You can flick the switch soon
Conversions mean you’ll elect to go electric, writes Mark Hinchliffe
CARS converted from petrol to electric power will be the first popular electric vehicles (EVs) on our roads, not purposebuilt EVs.
More than 200 people at the second national Electric Vehicle and Smart Grid Conference in Brisbane heard views from businessmen, government officials and academics about the future of EVs in Australia.
Conference director Philippe Reboul says he cannot predict when we will see affordable EVs.
‘‘If we knew when it would happen, we’d be rich,’’ he say. ‘‘People aren’t going to throw away their cars to buy an EV, but they might pay for a conversion.
‘‘A few small conversion companies in Australia are making EVs out of current cars. Converting cars to EV could be the way forward.’’
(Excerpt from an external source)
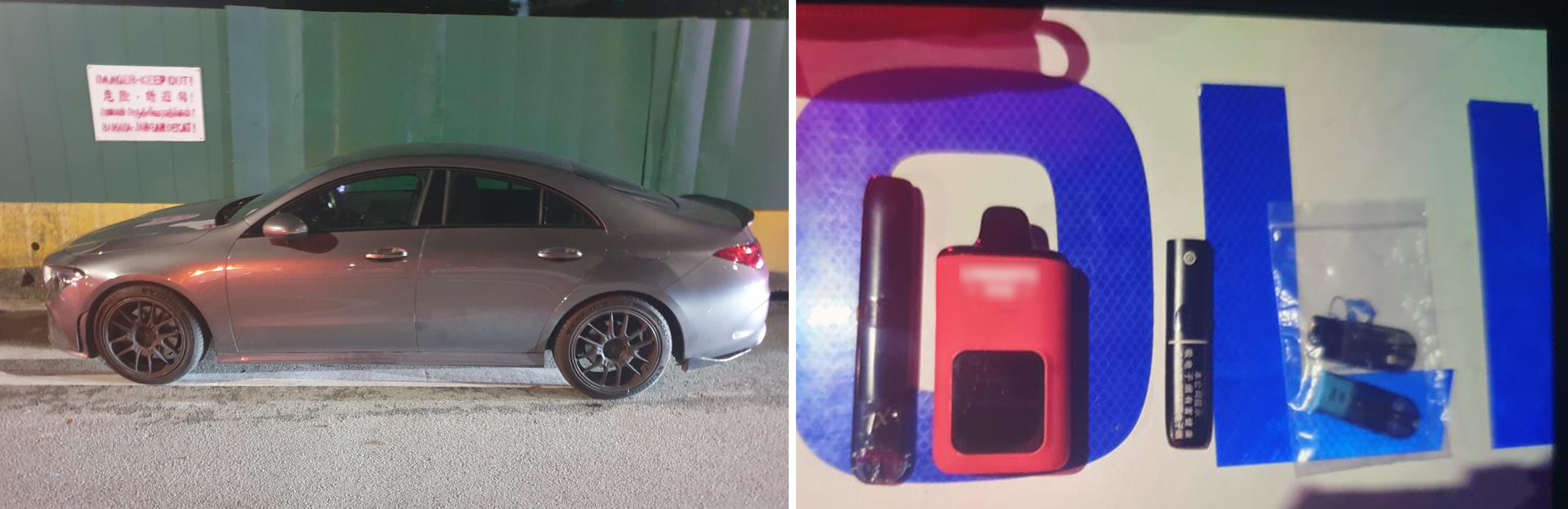 The car driven by the 30-year-old, who collided with a motorcycle in Choa Chu Kang, and the e-vaporisers and pods seized from him.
The only electric cars available in Australia are a small number of Mitsubishi i-MiEV cars, which can be leased, and the Nissan Leaf, which will arrive next year with similar limited numbers and leasing arrangements.
Reboul says conversions cost about $20,000 but the price is expected to fall.
‘‘I can see opportunities for conversion com- panies but there are a lot of barriers with Australian Design Rules,’’ he says.
‘‘For example, some companies have made small EVs that can go about 80km/h, but the ADRs say it has to do 90km/h to get on the road. A bit more flexibility in the rules is needed.’’
Reboul says that for the EV market to grow, government policy has to change.
‘‘EVs are becoming popular in countries where there are the best government subsidies,’’ he says. ‘‘ We’re not necessarily wanting cash handouts, but incentives such as cheaper import tax, registration and parking would be easy.
‘‘They don’t cost the government money like a direct subsidy and it makes people feel good.’’
The conference attracted 220 delegates. A third was from interstate and a handful came from Canada, Japan, China and Taiwan.
‘‘We’ve held the conference in Brisbane again because quite a few good technical companies are based here, such as the charging infrastructure supplier ECOtality,’’ Reboul says.
ECOtality boss Peter Nimmo says the company’s ‘‘Blink’’ system costs $3500 and can be placed in homes, public car parks, at airports, shops and commuter centres.
‘‘We’re in discussion with a lot of builders, councils and early adopters,’’ he says.
Townsville City Council is planning with energy companies and infrastructure companies for the evolution of EVs. Council executive Greg Bruce told the conference the council will begin rolling out infrastructure in the next year.
Pioneers: (left) Townsville Council’s Greg Bruce with ECOtality chief Peter Nimmo and (above) converted EVs may be the first popular electric cars on the road.